Objective:
Child will understand the basics of conservation of matter.
Essential Question(s):
What happens when matter changes?
Is anything lost?
Does its weight change?
Special Materials:
A scale and/or a laser thermometer, pencil and paper for notes
Bricks Required:
6×8 plates; 1×2, 1×4, & 1×6 bricks
Project Structure
Engage/Explain:
- Ask child what they know regarding what happens when matter is heated or cooled or mixed together.
- Child may already be familiar with water breaking a jar when it’s frozen (cooled) or the chemical reaction of baking soda and vinegar.
- Explain that the total weight of the matter never changes in any of these situations.
Explore:
- Explain that child will see how that works today by building with bricks representing the molecules.
- Give child plates and bricks to build a hollow box.
- Size is not too important, but probably no more than five bricks high;
- The walls should not have any gaps or holes.
- When child is finished, ask them about the properties of the box.
- Child should weigh, measure, and take the temperature of their creation, taking notes on all the measurements.
- Child then disassembles their box and reassembles it into a different-shaped box, still with no gaps.
- Child weighs, measures, and takes the temperature again.

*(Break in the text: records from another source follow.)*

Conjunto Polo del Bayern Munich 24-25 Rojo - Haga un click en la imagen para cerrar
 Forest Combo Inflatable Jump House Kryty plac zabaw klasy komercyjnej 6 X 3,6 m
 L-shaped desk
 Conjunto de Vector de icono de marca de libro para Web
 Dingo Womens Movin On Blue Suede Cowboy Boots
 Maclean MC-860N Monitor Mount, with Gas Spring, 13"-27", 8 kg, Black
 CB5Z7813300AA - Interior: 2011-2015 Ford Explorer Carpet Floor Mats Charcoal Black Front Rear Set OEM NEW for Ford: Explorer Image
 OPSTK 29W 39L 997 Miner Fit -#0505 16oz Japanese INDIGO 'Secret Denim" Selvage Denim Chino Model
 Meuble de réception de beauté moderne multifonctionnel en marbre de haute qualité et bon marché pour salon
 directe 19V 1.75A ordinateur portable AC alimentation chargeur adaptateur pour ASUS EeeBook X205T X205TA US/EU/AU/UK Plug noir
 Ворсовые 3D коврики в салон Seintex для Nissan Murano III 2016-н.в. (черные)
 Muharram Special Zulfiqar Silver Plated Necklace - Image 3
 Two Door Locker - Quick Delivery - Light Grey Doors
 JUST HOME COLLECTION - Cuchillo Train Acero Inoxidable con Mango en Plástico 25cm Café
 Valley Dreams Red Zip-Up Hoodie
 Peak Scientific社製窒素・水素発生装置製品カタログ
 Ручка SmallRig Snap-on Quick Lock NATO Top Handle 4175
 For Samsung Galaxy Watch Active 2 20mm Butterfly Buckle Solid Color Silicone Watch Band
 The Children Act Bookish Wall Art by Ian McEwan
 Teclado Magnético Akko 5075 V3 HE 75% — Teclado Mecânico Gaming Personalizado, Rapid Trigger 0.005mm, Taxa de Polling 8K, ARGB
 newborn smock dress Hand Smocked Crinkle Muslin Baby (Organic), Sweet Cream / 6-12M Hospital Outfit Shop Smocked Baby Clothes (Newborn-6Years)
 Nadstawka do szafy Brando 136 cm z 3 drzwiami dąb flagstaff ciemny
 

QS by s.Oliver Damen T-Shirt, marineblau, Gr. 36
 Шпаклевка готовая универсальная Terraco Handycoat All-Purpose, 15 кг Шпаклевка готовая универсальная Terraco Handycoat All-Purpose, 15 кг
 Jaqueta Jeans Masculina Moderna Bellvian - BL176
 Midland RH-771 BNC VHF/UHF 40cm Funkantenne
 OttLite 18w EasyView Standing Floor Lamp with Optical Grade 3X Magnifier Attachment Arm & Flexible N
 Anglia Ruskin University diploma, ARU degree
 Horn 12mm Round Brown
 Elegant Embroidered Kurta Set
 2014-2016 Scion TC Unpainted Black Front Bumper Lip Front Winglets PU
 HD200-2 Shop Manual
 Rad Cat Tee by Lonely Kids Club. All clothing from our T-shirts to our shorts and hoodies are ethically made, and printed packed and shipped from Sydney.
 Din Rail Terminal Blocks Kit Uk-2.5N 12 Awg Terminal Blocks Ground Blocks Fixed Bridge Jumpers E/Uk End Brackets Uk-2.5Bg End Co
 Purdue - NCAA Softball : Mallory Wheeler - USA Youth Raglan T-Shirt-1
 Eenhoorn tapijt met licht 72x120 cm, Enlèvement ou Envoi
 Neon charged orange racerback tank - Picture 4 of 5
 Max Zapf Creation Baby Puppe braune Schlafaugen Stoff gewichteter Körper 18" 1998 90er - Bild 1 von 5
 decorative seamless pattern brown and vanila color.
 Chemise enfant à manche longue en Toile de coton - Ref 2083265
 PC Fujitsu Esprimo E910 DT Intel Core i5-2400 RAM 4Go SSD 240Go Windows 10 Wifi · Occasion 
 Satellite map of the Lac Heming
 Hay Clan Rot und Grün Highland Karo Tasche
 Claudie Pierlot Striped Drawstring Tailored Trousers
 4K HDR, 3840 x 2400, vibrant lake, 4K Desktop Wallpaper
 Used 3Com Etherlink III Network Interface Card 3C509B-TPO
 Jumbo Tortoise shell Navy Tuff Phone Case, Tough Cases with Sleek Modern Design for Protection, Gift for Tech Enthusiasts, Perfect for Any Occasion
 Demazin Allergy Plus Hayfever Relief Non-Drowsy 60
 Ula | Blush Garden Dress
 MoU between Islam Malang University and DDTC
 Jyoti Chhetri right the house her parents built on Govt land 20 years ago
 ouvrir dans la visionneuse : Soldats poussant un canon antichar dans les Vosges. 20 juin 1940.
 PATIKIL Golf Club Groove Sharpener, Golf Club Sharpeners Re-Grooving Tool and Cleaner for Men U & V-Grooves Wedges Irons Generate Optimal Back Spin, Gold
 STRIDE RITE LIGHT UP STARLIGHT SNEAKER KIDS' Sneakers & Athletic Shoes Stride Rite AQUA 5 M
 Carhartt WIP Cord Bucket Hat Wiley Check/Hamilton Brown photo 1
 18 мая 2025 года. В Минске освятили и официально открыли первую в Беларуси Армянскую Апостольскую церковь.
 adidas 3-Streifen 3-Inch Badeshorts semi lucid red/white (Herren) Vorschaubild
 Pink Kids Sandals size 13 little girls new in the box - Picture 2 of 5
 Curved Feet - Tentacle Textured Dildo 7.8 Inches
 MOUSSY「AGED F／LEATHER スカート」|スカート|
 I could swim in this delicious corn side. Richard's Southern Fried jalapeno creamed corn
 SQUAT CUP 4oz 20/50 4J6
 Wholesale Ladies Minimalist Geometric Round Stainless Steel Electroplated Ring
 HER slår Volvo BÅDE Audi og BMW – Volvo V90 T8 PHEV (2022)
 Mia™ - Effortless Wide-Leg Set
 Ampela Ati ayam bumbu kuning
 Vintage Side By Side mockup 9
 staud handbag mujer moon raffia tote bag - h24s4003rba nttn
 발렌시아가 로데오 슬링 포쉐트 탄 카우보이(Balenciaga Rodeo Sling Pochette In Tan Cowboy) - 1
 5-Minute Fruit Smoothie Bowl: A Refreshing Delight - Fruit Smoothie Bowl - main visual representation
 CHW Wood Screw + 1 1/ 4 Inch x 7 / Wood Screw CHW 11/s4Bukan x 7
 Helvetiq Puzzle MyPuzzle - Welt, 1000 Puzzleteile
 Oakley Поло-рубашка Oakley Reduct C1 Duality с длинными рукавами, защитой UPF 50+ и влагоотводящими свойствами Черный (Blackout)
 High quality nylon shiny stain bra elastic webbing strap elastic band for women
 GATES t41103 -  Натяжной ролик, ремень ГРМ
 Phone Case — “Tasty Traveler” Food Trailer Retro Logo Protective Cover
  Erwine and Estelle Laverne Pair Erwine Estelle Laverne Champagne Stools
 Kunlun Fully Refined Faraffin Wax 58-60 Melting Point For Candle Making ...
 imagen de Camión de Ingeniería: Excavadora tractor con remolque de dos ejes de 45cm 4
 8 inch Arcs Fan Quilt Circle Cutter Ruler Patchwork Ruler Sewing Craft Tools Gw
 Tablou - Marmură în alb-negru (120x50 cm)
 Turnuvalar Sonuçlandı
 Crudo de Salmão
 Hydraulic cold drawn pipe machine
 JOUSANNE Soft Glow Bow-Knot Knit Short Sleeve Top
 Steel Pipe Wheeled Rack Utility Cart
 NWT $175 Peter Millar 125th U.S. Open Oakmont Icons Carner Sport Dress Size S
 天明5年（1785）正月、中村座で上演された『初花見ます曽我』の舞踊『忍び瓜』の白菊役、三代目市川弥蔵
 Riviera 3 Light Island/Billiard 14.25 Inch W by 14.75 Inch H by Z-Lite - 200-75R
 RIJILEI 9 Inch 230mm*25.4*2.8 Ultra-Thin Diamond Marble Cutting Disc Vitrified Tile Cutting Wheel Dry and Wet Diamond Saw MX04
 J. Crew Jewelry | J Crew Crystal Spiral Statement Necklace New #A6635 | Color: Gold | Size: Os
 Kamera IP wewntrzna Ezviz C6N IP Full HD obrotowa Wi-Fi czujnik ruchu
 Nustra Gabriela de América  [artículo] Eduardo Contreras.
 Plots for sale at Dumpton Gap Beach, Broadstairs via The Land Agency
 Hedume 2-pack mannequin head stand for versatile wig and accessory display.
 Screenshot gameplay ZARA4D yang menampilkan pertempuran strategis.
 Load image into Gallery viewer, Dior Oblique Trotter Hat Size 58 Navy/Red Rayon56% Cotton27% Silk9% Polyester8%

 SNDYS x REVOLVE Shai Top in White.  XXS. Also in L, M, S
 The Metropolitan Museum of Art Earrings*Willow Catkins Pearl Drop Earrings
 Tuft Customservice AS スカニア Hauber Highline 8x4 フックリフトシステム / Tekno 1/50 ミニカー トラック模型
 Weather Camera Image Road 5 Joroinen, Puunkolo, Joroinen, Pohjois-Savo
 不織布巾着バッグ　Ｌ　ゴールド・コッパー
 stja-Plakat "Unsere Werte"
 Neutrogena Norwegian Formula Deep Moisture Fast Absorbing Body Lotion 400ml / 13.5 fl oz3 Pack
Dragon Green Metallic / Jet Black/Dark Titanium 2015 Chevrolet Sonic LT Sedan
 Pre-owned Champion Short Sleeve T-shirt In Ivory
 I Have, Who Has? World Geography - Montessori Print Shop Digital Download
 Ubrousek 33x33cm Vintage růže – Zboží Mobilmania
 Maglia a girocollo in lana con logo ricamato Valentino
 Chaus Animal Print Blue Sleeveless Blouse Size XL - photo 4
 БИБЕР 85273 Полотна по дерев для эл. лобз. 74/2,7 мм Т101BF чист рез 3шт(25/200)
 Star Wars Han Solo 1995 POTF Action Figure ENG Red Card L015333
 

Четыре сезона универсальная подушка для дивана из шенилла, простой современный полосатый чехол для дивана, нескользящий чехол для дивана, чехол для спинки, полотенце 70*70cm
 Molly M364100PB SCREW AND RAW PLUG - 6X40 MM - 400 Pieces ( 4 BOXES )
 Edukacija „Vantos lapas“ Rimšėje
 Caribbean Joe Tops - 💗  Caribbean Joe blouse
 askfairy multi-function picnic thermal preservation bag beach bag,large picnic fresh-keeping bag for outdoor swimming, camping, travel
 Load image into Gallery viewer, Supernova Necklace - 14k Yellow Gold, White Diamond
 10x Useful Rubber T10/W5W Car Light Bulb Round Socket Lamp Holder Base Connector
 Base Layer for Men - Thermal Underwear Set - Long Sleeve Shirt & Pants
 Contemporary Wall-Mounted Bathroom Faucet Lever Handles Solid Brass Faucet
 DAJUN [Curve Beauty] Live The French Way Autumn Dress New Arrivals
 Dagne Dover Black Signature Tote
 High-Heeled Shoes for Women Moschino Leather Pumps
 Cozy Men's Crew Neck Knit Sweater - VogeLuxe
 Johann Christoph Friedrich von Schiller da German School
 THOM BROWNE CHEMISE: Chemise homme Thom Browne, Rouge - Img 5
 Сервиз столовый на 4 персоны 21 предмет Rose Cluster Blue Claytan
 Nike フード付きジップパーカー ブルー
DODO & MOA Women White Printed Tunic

Child should notice that the only measurement that changed significantly is the size.
- Child then puts their box in ice water and the sun, and then takes the temperature and weighs it again, taking notes on all the measurements.
Elaborate:
- Ask child how rebuilding the box is similar to what happens with water when it turns to steam and then condenses back to water.
- Extend the idea to other types of materials as well.